» **PROBLEM REQUIREMENTS**
Work out how many lines in the data that follows contain "Connection". Write nothing but the number.

» **SUPPLIED DATA**
━━━

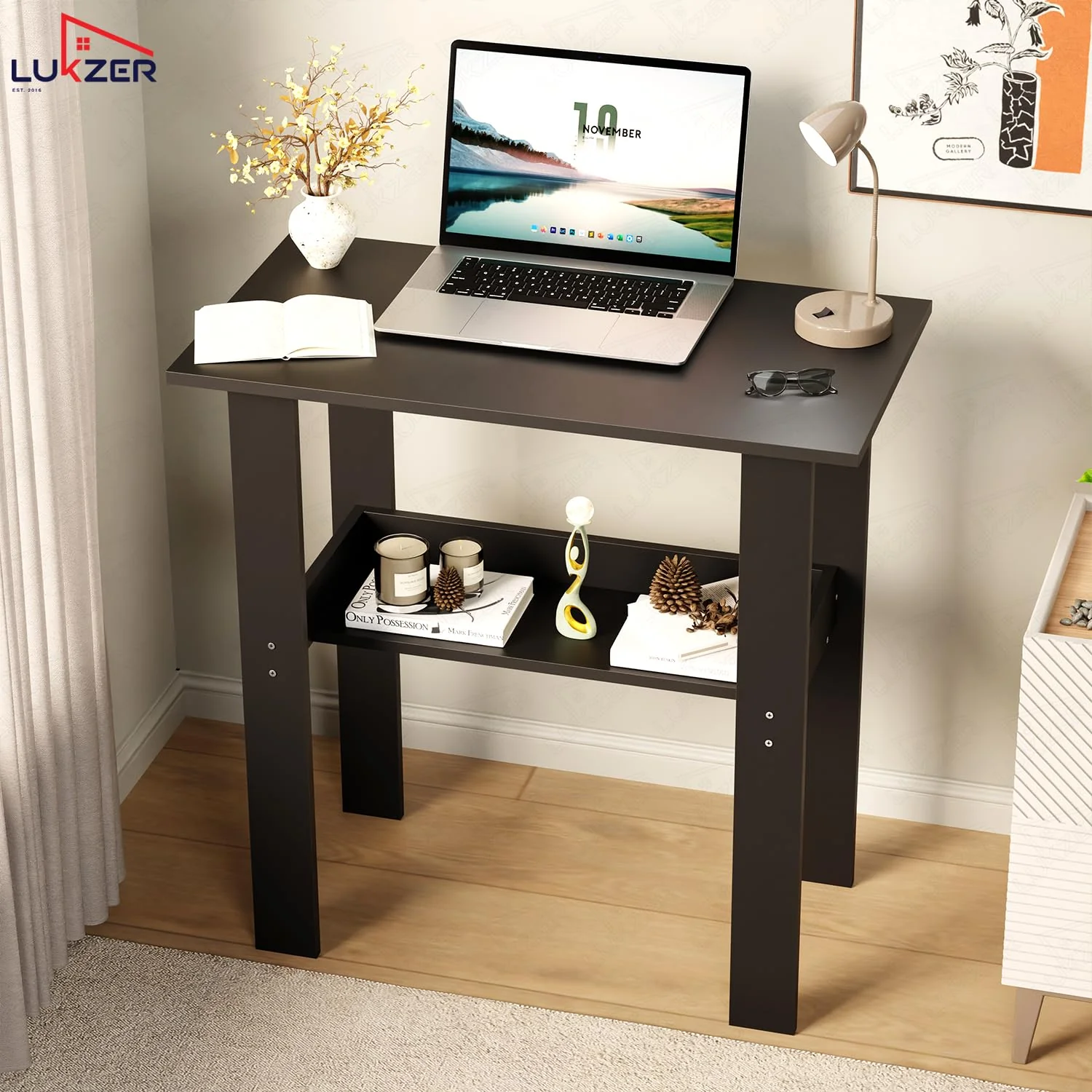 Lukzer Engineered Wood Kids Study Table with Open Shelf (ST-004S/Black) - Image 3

━━━

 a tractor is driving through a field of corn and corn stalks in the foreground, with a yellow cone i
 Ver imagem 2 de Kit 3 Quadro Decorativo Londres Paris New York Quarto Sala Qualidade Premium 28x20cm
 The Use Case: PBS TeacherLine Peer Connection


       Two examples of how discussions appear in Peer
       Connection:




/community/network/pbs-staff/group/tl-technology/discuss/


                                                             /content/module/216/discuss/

━━━

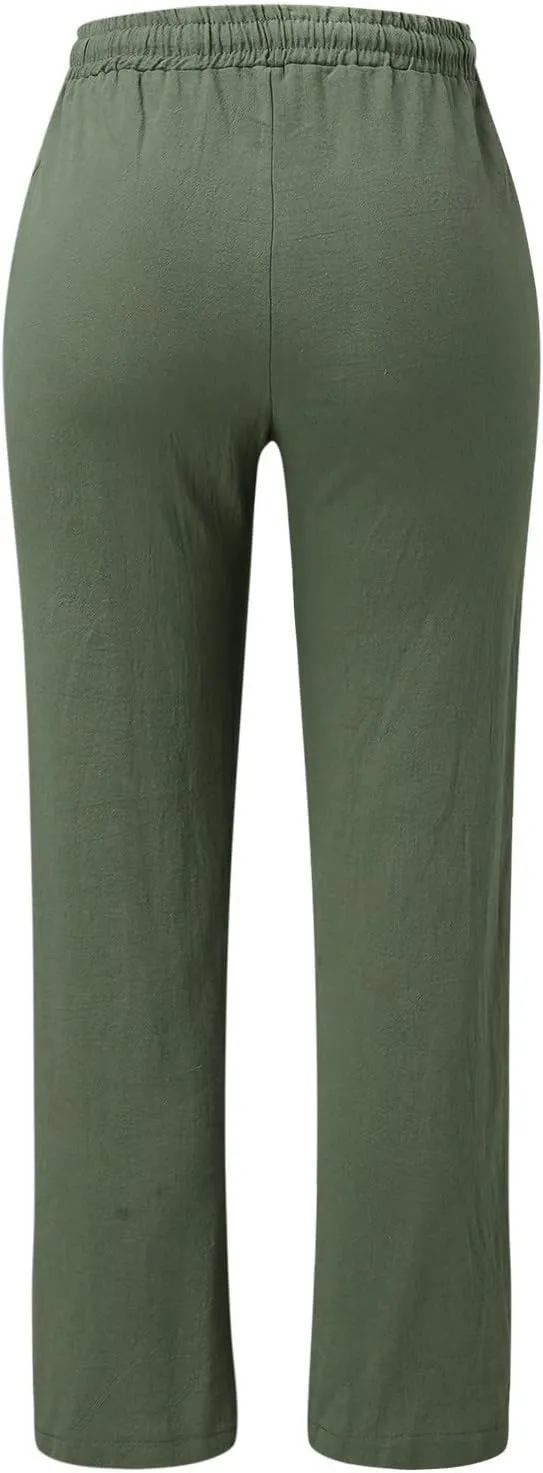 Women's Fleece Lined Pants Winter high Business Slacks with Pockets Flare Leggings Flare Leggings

━━━

» **SOLUTION FOR THIS TASK**
2